TASK TO COMPLETE -> Go through the lines below. Copy those with "preview".

SUPPLIED MATERIAL ->
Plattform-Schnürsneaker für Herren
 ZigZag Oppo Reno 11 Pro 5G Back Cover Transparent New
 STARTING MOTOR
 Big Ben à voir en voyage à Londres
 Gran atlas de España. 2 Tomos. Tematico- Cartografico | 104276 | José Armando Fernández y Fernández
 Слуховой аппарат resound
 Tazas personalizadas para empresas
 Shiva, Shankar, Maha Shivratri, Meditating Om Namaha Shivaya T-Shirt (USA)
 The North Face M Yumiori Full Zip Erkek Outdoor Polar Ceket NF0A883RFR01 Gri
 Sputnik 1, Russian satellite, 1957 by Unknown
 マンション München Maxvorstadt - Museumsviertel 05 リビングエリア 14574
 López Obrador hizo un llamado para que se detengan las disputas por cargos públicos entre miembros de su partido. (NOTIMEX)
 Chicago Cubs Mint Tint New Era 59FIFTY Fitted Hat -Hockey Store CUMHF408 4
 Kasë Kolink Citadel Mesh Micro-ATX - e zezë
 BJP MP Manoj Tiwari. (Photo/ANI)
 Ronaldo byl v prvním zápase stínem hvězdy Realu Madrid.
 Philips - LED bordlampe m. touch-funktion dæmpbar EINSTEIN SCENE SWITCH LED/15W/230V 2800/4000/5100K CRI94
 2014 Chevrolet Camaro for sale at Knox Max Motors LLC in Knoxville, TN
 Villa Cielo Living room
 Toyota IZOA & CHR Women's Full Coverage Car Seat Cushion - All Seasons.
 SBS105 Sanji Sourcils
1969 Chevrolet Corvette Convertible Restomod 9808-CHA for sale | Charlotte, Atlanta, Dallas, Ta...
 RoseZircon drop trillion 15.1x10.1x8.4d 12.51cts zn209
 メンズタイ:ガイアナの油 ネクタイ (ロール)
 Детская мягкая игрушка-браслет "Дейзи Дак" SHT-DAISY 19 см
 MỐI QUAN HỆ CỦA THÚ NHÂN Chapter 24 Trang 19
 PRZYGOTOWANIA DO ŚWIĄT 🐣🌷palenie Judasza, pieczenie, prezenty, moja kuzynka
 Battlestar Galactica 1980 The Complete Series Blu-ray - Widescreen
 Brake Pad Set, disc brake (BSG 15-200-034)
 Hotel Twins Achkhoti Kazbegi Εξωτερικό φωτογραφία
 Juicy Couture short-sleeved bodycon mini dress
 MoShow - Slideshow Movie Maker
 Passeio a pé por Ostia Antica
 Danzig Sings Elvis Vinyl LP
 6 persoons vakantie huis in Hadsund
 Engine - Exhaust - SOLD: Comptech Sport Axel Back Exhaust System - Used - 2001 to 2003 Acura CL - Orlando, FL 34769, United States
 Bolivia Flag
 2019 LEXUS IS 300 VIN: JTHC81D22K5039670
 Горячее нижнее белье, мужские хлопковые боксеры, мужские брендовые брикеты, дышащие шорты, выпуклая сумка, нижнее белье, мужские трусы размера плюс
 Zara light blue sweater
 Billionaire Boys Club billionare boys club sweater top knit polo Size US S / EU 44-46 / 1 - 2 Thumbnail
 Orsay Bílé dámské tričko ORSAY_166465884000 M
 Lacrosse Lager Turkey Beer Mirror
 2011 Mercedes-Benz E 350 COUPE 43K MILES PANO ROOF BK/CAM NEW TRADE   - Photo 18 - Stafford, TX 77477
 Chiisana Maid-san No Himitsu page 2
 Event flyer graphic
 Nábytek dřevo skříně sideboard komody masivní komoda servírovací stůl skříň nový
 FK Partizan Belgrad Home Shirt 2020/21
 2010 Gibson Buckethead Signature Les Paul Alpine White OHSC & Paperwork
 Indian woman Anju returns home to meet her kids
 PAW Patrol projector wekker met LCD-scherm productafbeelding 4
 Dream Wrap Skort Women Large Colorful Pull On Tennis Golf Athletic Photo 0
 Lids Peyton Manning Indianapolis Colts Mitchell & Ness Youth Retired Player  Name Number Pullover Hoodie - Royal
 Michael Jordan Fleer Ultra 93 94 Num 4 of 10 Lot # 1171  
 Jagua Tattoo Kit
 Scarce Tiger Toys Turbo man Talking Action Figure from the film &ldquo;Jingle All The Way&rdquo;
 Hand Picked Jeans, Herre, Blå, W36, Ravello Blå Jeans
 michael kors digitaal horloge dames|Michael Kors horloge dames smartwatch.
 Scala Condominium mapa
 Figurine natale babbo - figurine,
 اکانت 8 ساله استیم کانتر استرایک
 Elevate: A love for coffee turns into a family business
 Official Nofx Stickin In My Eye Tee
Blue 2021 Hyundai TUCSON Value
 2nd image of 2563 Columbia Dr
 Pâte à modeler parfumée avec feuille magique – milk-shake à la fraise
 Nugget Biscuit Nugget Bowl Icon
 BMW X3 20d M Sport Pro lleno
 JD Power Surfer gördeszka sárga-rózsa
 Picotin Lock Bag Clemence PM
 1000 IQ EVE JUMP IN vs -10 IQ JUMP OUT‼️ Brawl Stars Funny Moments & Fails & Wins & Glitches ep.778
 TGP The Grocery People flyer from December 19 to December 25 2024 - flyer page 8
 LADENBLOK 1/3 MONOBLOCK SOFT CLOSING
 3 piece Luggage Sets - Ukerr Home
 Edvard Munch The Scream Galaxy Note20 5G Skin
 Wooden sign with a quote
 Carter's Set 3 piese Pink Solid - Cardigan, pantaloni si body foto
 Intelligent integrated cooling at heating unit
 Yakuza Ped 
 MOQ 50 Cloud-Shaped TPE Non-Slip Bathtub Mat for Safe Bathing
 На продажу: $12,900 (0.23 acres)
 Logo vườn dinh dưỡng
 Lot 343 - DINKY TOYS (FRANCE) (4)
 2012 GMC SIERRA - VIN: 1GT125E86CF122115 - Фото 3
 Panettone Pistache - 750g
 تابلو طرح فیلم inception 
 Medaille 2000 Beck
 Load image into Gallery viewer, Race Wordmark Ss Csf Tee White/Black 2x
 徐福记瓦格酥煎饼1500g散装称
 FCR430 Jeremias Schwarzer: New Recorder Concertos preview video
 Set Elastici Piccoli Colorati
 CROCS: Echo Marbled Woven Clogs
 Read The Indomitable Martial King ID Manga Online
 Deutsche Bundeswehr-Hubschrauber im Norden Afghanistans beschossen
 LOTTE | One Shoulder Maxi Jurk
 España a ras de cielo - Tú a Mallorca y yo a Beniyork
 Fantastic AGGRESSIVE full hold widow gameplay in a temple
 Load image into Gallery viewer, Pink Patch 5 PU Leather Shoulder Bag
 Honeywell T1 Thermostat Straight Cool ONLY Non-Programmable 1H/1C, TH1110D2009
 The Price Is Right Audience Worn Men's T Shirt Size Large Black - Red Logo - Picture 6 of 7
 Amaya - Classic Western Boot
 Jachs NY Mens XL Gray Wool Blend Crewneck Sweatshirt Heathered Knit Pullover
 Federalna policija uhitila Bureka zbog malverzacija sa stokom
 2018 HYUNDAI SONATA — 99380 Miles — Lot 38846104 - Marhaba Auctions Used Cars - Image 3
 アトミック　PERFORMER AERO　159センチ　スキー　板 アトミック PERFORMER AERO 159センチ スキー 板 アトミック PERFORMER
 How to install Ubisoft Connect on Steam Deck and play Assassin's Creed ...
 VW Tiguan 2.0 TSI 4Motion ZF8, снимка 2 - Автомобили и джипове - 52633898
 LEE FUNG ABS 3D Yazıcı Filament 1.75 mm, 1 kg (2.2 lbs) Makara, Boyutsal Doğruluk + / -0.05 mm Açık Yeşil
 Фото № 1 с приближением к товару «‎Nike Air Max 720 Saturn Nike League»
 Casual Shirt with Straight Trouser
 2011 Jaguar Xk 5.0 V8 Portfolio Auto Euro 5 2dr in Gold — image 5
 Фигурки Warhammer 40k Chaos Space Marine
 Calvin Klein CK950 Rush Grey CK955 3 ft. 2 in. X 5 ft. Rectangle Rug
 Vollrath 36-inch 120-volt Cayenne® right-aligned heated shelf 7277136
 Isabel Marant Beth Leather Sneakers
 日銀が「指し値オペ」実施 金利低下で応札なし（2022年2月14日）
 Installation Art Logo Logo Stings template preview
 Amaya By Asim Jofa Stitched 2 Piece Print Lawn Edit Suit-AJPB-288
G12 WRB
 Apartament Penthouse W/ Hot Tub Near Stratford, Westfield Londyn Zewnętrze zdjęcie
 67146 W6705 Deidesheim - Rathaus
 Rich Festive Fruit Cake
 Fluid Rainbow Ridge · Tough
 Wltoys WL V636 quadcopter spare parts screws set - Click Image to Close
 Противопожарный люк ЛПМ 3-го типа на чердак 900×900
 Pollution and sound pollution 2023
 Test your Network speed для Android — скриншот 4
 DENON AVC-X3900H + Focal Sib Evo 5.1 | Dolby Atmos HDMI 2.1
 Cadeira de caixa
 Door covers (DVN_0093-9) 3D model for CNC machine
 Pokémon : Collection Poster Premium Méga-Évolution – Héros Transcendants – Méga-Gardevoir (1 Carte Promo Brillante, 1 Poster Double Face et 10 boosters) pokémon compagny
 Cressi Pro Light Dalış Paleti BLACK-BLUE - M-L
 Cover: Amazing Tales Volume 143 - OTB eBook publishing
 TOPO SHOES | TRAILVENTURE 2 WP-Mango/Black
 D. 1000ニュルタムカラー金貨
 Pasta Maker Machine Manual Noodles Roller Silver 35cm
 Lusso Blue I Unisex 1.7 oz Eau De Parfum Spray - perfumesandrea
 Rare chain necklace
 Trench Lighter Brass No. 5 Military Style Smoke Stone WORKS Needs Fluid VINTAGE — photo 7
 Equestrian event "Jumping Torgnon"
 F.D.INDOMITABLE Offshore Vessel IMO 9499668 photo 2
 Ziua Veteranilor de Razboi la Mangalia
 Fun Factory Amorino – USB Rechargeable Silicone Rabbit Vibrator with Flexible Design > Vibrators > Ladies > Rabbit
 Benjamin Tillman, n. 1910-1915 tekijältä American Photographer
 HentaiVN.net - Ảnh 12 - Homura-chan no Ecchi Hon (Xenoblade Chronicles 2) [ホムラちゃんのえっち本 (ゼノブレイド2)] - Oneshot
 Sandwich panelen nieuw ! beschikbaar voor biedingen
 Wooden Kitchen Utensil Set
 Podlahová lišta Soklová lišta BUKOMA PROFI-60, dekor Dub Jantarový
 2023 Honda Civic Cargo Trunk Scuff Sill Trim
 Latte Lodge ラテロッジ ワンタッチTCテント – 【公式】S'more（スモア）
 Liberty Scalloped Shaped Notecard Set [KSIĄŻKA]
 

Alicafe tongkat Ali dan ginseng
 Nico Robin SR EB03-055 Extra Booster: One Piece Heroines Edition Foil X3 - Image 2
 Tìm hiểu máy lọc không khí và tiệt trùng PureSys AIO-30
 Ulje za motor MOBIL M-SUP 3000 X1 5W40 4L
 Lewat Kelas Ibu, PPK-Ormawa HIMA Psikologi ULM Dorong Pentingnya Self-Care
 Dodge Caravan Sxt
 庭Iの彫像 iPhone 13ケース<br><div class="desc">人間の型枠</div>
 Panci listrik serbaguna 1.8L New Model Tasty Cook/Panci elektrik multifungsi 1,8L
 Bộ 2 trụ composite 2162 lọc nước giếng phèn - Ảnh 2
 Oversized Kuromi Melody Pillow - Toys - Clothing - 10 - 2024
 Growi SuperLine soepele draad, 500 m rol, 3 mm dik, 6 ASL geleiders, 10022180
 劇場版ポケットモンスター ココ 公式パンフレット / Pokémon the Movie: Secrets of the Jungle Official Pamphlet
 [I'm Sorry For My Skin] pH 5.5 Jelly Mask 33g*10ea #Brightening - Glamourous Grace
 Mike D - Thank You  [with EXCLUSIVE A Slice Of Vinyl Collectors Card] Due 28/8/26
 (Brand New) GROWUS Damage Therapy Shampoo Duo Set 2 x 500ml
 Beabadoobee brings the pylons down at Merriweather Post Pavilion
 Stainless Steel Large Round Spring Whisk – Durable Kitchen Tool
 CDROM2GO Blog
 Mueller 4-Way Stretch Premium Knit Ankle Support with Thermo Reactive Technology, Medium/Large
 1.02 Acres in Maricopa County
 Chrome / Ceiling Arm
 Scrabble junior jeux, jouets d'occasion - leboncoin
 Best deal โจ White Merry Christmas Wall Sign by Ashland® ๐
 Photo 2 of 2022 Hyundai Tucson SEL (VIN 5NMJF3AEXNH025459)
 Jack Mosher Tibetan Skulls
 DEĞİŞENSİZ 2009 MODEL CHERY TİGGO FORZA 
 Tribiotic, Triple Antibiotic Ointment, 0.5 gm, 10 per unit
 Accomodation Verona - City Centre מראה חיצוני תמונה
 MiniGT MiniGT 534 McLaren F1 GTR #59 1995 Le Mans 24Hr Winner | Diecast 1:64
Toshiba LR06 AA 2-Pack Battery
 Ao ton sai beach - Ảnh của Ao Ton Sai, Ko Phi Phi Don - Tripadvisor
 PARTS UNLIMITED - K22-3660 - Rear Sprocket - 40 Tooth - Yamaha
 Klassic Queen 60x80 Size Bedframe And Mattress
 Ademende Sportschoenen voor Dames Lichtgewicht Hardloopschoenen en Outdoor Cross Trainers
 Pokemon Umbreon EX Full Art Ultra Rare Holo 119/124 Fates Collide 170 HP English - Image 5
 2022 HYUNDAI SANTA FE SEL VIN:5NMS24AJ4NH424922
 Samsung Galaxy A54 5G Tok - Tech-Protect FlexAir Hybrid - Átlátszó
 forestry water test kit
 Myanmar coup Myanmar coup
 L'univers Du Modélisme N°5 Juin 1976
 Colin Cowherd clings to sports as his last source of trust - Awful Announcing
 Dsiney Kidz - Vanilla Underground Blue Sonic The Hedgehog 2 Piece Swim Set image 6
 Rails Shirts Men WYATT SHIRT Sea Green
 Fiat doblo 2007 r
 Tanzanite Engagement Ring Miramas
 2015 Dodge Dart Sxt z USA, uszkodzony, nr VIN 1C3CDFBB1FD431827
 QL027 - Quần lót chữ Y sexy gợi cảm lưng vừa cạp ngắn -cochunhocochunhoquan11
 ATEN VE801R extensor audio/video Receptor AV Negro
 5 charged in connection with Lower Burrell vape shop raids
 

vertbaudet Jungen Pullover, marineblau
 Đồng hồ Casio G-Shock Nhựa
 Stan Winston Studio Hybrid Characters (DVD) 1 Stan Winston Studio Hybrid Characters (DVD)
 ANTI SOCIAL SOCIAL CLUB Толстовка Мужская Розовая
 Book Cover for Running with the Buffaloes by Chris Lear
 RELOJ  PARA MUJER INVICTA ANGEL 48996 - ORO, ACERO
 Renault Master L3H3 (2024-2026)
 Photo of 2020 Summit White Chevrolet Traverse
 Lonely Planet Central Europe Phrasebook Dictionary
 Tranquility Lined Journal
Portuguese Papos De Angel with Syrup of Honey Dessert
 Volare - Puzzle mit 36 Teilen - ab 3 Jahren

ANSWER BOX ->
 FCR430 Jeremias Schwarzer: New Recorder Concertos preview video
 Installation Art Logo Logo Stings template preview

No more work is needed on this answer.